At the extreme end of the New IT solutions is Big Data-optimized blueprints for Hadoop and Cloudera, which include the Dell In-Memory Appliance for Cloudera Enterprise.

“None of the Dell Blueprints depend on my server being faster than these other guys,” Ahmad emphasized. “We need to stop talking about feeds and speeds, and talk instead about what workloads will mean for customers.”

Ahmad also stressed that the Dell Blueprints are ideal for channel partners as well.

“Partners are themselves getting disrupted by businesses going to cloud models,” he said. “We give them blueprints to go sell these, instead of selling a server or storage or a network.
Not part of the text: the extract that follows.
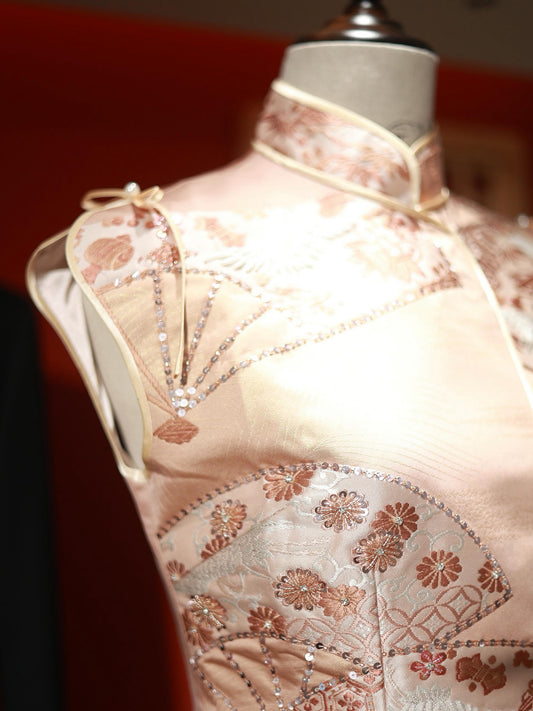 Pink Nishijin Brocade Fan-Pattern Qipao (Exclusive Piece) 淺粉西陣織扇紋旗袍(孤品)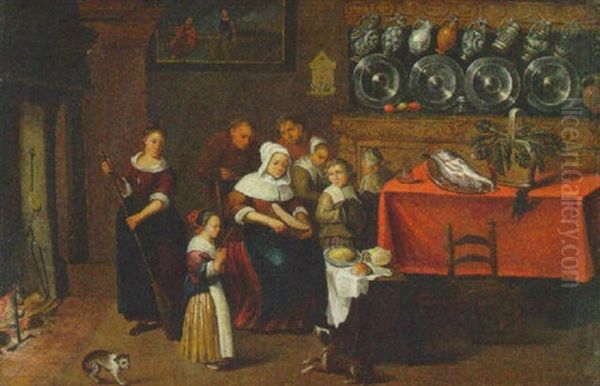 A Kitchen Interior With A Family Gathered Near A Table - view 1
With all the disruption coming from China, and from the SaaS, PaaS and IaaS vendors, it’s in Dell’s interest to drive these cloud environments and offer a deployment guide to channel partners and tell them to add their value.”

The channel response to the Blueprints has been strong.

“Partners say do this faster!” Ahmad remarked.

The bottom line, for both customers and partners in Canada, is that they need to move to the New IT, and Dell Blueprints are an ideal way to do that, Ahmad stressed.

“If you continue to run your technology in a traditional way, but dream that you can out-innovate Silicon Valley, it’s not going to happen,” he said. “We need to get this message out strongly in Canada.”